Reid Ryan (born November 21, 1971) is an American baseball executive, former college and professional baseball player, and son of Baseball Hall of Fame pitcher Nolan Ryan. He was a pitcher in minor league baseball, and is the CEO of Ryan-Sanders Baseball Inc., which owns the Round Rock Express. He was president of the Houston Astros from May 2013 to November 2019.

==Early life==
Ryan grew up in Alvin, Texas, outside of Houston, and attended Alvin High School.

==College career==
Ryan attended the University of Texas at Austin, beginning his college baseball career with the Texas Longhorns. He transferred to Texas Christian University and finished his collegiate career with the TCU Horned Frogs.

==Professional career==
===Draft and minor leagues===
The Texas Rangers, his father's team at the time, selected him in the 17th round (477th overall) of the 1994 Major League Baseball draft. He pitched for the Class A Short Season Hudson Valley Renegades in 1994, putting together a 5-5 record with a 2.89 earned run average (ERA) and 1.30 walks plus hits per inning pitched (WHIP) in 84 innings. He split 1995 between the Class A Charleston RiverDogs and Class A Advanced Visalia Oaks, combining for an 0-10 record with a 9.34 ERA and 2.29 WHIP.

==Post-playing career==
Along with his father, his brother Reese, and former Astros part-owner Don Sanders, Ryan is the CEO and president of Ryan-Sanders Baseball, Inc., a group that owns the Round Rock Express of the Class AAA Pacific Coast League. He is on the board of trustees for Major League Baseball.

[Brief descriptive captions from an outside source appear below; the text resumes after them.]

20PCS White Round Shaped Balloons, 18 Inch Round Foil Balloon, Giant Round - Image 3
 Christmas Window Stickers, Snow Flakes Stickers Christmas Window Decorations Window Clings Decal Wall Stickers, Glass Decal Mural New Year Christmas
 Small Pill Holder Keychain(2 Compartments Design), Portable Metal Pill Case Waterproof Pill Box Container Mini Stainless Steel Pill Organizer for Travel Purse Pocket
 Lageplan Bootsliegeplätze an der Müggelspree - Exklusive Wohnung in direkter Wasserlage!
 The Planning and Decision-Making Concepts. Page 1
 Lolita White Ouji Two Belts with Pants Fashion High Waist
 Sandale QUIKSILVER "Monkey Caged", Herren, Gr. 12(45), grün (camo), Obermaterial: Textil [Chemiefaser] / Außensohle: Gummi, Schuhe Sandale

On May 16, 2013, the Astros announced hiring Ryan as their president, following the resignation of George Postolos. The Astros won the 2017 World Series and won the 2019 American League pennant. Reid Ryan was demoted by the Astros after the 2019 World Series when Houston Astros sign stealing scandal came to light. He returned as CEO of Ryan-Sanders in 2020.

Reid was the executive producer of the "Facing Nolan" documentary.

==Personal life==
Ryan and his wife, Nicole, have three children, including a son who has cerebral palsy.